:: Exercise data

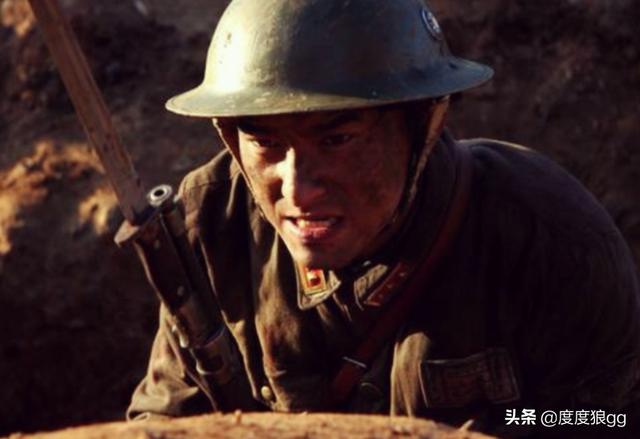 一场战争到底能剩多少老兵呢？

::::
:: Exercise data

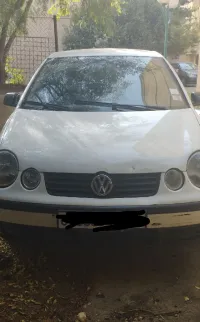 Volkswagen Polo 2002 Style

::::
:: Exercise data

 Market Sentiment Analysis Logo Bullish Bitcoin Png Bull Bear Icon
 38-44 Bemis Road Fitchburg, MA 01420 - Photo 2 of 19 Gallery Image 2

::::

Exercise requirements> An exact copy of the lines above between the line holding "Market Sentiment Analysis" and the line holding "38-44 Bemis Road", inclusive, is the whole answer.

Answer section>
 Market Sentiment Analysis Logo Bullish Bitcoin Png Bull Bear Icon
 38-44 Bemis Road Fitchburg, MA 01420 - Photo 2 of 19 Gallery Image 2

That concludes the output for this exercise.